_INFORMATION SUPPLIED_
►
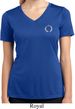 Ladies Yoga Shirt Enso Pocket Print Moisture Wicking V-neck Tee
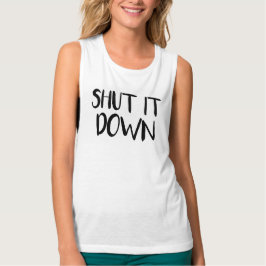 Sluit het vrouwenreservoir af tanktop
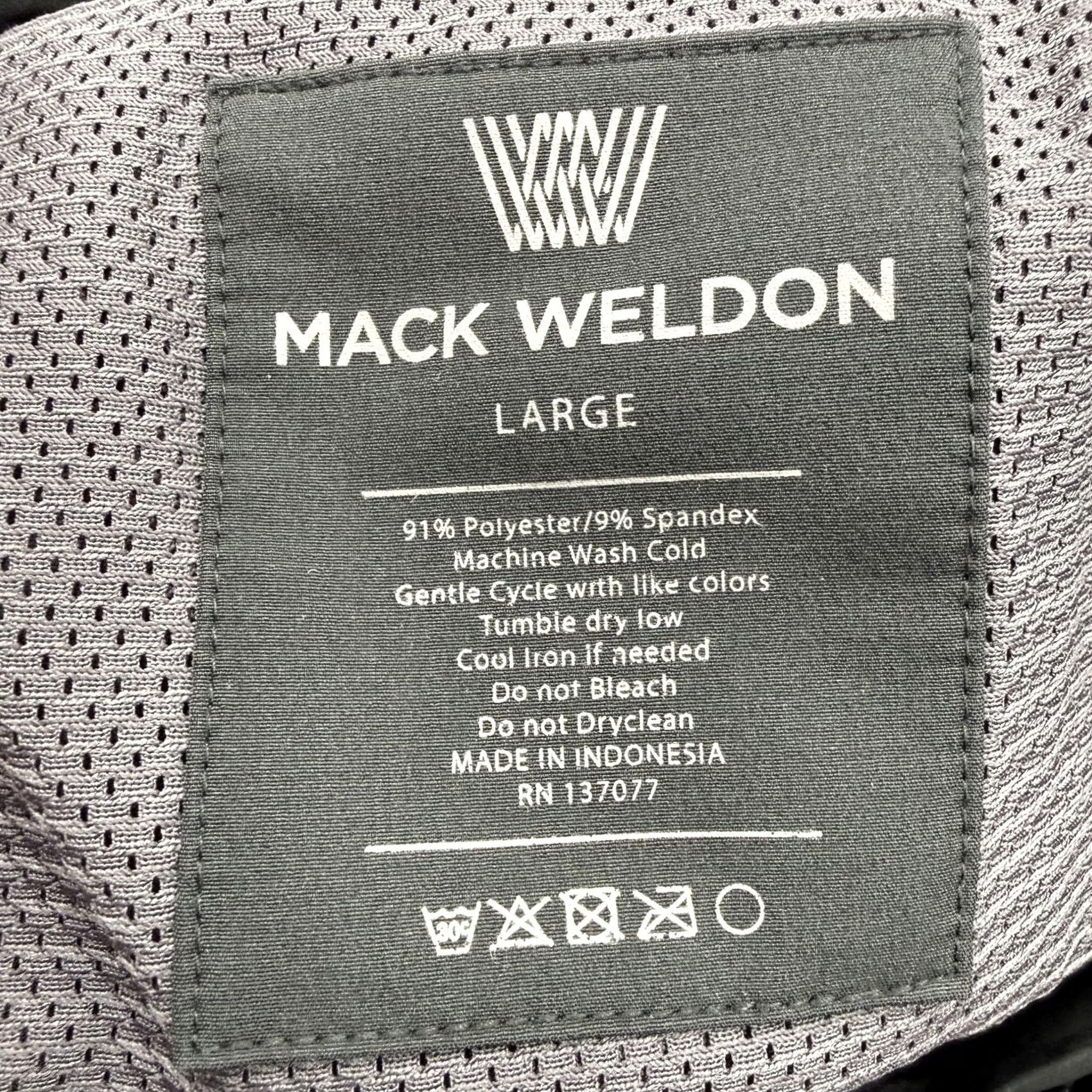 Vintage Mack Weldon Pants Mens Large Gray Jogger Size US 33 - 3 Thumbnail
◄
_EXERCISE DIRECTIONS_
Restate the listing above word for word, and skip the pictures.

_REPLY_
 Ladies Yoga Shirt Enso Pocket Print Moisture Wicking V-neck Tee
 Sluit het vrouwenreservoir af tanktop
 Vintage Mack Weldon Pants Mens Large Gray Jogger Size US 33 - 3 Thumbnail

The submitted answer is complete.